Given information -

____________

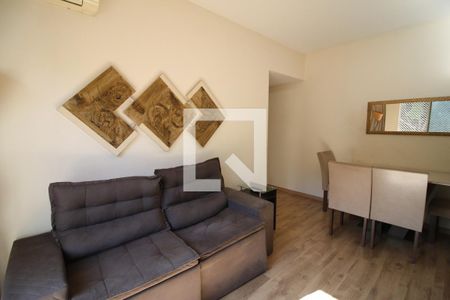Sala de apartamento à venda com 1 quarto, 56m² em Jacarepaguá, Rio de Janeiro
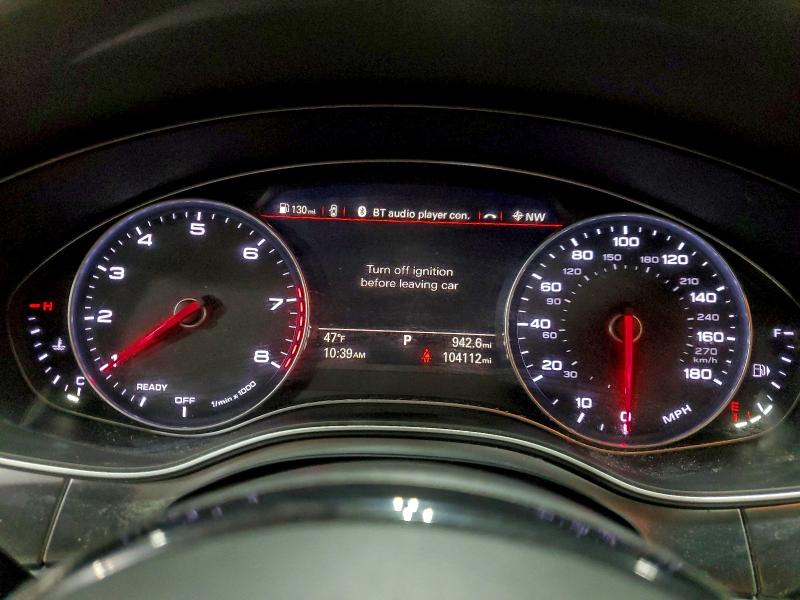 97976455 :رقم المزاد ، WAUFFAFC8GN031748 vin ، 2016 Audi A6 مزاد بيع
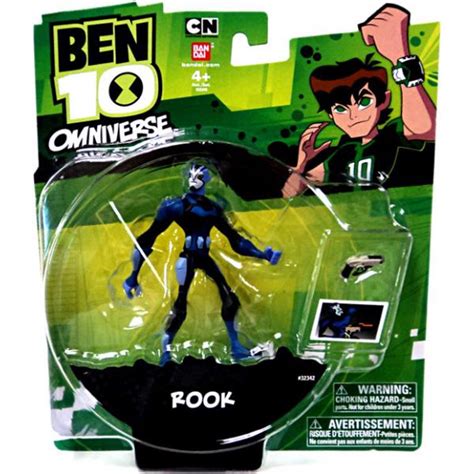 Ben 10 Omniverse Rook Action Figure - Walmart.com - Walmart.com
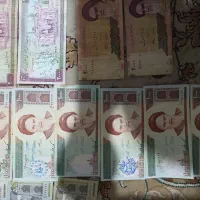 تعدادی اسکناس جمهوری اسلامی ایران|کلکسیون سکه، تمبر، اسکناس|بومهن, |دیوار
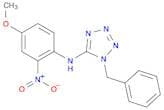 1H-Tetrazol-5-amine, N-(4-methoxy-2-nitrophenyl)-1-(phenylmethyl)-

____________

Instructions to follow - Everything in the records above except the pictures is to be reproduced word for word.

Problem solution -
Sala de apartamento à venda com 1 quarto, 56m² em Jacarepaguá, Rio de Janeiro
 97976455 :رقم المزاد ، WAUFFAFC8GN031748 vin ، 2016 Audi A6 مزاد بيع
 Ben 10 Omniverse Rook Action Figure - Walmart.com - Walmart.com
 تعدادی اسکناس جمهوری اسلامی ایران|کلکسیون سکه، تمبر، اسکناس|بومهن, |دیوار
 1H-Tetrazol-5-amine, N-(4-methoxy-2-nitrophenyl)-1-(phenylmethyl)-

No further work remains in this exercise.